Tang Contemporary Art is proud to announce that “Li Qing Solo Project,” curated by Cui Cancan, will open on December 20 in the Hong Kong space. Beginning with the artist’s identity as an Other, this project reflects on the dialogue between past and present in Hong Kong. The artist’s complex memories of Hong Kong and superficial, fragmentary impressions become creative materials in his work. Through the interaction and refraction of painting, installation, and video, Li constructs a new system of visual perception. In the one-year discussion between the curator and the artist about the project, they interacted through both textual and visual means. The artist chose and arranged phrases that the curator had published on social media during 2016, in order to compose an artist-created preface.
Neighbor’s Window is an important series in Li Qing’s creative explorations. He brings together physical window frames and paintings of scenes outside the window, creating a fictional interaction between the viewer and the scenery. In this personal project in Hong Kong, Li Qing chose the Chinese characters for “Emanating Glory,” “Returning Triumphant,” and “Sweet,” as well as other neon lights as the scenes outside the window. These characters were taken from everyday Hong Kong streets and Hong Kong’s past. They are mainlanders’ typical impressions of cities such as Hong Kong. Re-examining these explorations from the perspective of the present, their functions, properties, and meanings have shifted in time; they seem familiar, but they have become less distinct due to the shift in time and space. Feelings of uncertainty are aroused by these alienated visions.
Li Qing was born in the 1980s, and Hong Kong films carry special memories of Hong Kong culture for people of his generation. The depiction of urban subjects in Hong Kong films gave mainland viewers their first taste of modern life. Hong Kong erotic films from that time were very popular; they were a special window that allowed young people to transcend taboos and see the world. In Two Films, erotic scenes appear amidst an open-air film by the sea, opening the most private of performances to the vastness of nature. Between short-lived rules and the infinite expanse of nature, we look for the traces of the people that the artist suggests, a subject that lies between division and confrontation. Like a CD that is continually reworked, memory is embellished by circumstances, presenting different meanings because of these circumstances.

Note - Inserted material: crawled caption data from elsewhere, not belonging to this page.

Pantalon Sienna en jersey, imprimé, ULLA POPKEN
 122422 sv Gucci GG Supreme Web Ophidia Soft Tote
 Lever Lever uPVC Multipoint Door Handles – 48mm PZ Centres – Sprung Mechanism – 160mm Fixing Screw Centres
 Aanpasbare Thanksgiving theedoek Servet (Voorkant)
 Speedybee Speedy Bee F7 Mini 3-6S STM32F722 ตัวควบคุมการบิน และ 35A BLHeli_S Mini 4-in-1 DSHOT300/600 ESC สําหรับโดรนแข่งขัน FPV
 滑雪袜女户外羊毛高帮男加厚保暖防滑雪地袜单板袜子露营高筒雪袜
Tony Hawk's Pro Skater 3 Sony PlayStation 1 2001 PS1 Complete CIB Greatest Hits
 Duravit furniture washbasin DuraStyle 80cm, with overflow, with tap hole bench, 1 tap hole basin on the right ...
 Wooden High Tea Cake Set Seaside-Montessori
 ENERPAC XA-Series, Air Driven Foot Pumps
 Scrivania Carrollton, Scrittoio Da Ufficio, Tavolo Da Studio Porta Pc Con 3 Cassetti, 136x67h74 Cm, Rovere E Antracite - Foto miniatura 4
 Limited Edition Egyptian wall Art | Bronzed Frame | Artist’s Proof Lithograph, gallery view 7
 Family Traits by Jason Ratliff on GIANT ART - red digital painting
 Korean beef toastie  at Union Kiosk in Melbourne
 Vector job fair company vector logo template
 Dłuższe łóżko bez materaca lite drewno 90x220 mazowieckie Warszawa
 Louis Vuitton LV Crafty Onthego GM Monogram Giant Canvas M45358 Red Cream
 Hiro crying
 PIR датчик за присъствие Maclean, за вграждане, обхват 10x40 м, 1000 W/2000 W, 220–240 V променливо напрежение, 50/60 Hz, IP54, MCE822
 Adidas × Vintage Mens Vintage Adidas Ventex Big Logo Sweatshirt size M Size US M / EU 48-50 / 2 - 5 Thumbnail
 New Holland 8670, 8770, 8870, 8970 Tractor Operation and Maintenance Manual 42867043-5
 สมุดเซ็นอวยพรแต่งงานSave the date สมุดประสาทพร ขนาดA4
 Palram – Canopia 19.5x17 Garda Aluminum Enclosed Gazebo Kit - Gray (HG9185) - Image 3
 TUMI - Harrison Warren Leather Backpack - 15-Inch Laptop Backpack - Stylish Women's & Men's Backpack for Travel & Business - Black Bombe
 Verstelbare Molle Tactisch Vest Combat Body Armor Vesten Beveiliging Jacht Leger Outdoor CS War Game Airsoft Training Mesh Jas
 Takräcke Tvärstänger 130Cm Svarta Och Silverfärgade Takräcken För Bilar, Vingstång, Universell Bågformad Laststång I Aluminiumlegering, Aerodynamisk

The sea is an eternity beyond all change. Waves, fish, shuttling boats, and the distant horizon are an outlet, allowing people living in cities to temporarily escape reality, but it is also a vehicle for the unknowns in people’s lives. The video work Sea collages scenes of various figures facing the sea; these scenes come from different types of films from around the world. The story has no beginning and no end; it only contains itself and its own hopes. The sea and those who confront it constitute a set of layered symbols. Removed from their original context, they present humanity’s intrinsic spiritual similitude in a complex world.
Neon lights, films, and the sea overlap in Li Qing’s work; in different contexts, texts and pictures present different semantic meanings and become dislocated because of these semantic meanings. The complex relationships between them are knitted together into Li Qing’s appraisal of memory and scenery in Hong Kong. As he says in the exhibition preface, in the moment that the relationship between the curator and the artist is reversed, the customary understanding or memory moves toward a new state. We must seek out the deeper meaning of this exhibition behind the artist’s actions. What processes does a mode of understanding undergo in different times and places, why does this understanding change, what causes it to change, and what possibilities does this change imply?